**Exercise materials:**
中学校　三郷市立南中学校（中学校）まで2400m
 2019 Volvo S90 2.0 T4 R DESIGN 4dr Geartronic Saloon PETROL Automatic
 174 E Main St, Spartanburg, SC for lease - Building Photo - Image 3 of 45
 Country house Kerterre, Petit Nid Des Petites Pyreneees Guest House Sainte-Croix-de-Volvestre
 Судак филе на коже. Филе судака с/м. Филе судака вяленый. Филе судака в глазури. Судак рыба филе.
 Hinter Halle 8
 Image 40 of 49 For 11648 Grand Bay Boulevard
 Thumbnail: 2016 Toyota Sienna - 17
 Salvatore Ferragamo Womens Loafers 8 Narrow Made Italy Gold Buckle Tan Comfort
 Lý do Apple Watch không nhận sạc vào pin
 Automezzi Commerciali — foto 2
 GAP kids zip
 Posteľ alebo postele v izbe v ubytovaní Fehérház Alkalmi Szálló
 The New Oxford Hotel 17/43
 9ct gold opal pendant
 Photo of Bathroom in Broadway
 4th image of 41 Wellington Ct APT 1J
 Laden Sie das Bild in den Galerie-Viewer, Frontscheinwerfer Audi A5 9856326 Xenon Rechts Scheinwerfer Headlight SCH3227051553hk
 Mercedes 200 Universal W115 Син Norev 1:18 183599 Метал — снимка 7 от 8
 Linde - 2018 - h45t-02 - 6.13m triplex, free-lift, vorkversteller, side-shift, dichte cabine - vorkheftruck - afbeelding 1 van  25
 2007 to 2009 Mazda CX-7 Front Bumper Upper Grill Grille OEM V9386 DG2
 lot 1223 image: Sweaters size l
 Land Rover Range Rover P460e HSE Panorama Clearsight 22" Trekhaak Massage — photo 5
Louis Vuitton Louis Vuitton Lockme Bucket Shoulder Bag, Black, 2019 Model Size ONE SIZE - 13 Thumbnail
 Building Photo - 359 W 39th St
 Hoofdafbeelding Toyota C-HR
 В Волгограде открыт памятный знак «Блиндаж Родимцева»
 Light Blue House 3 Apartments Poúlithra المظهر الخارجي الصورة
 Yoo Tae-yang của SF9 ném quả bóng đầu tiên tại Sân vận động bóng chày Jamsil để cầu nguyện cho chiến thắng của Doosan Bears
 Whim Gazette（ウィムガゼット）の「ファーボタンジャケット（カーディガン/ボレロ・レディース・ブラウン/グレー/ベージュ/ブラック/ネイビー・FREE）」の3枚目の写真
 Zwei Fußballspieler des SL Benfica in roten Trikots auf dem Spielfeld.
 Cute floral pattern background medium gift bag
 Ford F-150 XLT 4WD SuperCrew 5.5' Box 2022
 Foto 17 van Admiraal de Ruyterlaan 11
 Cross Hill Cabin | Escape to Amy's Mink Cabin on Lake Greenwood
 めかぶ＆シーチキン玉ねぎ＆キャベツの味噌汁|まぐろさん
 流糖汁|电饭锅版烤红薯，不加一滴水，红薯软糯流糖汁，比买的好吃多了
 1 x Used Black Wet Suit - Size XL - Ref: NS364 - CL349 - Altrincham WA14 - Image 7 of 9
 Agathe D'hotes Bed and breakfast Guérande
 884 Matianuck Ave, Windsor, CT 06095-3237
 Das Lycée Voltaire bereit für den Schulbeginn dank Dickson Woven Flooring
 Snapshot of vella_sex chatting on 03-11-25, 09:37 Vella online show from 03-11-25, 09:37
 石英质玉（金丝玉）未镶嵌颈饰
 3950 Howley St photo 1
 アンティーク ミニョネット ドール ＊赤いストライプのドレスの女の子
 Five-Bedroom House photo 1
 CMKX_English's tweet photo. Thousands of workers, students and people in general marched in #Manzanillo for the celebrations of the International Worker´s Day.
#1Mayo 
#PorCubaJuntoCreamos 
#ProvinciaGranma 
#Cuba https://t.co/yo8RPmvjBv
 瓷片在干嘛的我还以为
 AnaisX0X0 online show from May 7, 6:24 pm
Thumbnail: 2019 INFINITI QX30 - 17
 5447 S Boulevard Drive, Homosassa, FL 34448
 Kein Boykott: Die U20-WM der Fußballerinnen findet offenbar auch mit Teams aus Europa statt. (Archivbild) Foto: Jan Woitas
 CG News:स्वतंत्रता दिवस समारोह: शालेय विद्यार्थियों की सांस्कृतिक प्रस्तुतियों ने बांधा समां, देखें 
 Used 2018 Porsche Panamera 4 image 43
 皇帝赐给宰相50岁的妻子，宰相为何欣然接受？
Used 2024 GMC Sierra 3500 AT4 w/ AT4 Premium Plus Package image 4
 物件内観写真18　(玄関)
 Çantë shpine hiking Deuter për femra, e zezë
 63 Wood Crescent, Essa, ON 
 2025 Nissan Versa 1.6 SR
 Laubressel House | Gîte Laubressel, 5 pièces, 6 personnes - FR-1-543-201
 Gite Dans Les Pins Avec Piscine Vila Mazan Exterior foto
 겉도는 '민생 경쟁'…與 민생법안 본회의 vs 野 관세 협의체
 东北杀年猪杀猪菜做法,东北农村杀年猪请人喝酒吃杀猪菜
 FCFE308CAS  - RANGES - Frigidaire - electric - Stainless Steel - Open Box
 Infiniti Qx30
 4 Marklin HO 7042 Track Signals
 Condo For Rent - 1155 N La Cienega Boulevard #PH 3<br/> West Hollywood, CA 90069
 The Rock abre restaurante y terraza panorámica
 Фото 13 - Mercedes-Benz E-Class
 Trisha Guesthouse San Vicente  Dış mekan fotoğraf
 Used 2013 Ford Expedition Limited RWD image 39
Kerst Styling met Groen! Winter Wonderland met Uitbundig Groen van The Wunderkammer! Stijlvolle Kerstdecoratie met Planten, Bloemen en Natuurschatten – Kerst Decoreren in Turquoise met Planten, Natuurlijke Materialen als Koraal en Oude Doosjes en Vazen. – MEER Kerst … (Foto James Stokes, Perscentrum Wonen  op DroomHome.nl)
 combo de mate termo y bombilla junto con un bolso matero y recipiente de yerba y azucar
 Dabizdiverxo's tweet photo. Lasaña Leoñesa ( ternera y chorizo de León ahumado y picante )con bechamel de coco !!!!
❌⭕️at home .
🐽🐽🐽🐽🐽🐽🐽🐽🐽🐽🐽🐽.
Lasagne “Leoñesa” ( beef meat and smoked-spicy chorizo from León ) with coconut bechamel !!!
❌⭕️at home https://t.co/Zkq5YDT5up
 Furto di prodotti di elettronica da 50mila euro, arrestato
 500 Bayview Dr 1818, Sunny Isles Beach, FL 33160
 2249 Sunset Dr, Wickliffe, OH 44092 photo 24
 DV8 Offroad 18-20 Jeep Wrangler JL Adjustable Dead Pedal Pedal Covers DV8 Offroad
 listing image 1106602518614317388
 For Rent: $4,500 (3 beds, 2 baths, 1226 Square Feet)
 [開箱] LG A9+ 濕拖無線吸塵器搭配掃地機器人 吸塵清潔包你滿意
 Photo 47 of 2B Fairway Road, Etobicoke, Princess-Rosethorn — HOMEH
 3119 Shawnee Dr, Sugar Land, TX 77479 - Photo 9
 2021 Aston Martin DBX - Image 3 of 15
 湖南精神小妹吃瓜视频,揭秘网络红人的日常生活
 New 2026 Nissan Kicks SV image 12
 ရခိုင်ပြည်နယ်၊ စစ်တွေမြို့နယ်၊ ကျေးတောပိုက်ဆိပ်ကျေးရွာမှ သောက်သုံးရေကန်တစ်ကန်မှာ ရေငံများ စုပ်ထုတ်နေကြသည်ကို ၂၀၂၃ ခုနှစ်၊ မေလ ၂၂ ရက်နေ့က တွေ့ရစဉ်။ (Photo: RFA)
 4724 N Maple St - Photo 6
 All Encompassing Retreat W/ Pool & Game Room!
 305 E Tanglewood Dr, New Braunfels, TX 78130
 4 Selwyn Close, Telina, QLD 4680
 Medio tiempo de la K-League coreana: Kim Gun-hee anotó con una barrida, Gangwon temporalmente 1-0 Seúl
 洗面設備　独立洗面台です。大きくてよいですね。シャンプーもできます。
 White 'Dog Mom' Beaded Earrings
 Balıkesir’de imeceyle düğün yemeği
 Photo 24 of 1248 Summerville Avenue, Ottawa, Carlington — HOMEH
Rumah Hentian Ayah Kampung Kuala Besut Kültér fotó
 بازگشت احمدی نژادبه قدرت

**Work to complete:** Lines with the word "tweet" in them should be copied from the preceding records.

**Output below:**
 CMKX_English's tweet photo. Thousands of workers, students and people in general marched in #Manzanillo for the celebrations of the International Worker´s Day.
 Dabizdiverxo's tweet photo. Lasaña Leoñesa ( ternera y chorizo de León ahumado y picante )con bechamel de coco !!!!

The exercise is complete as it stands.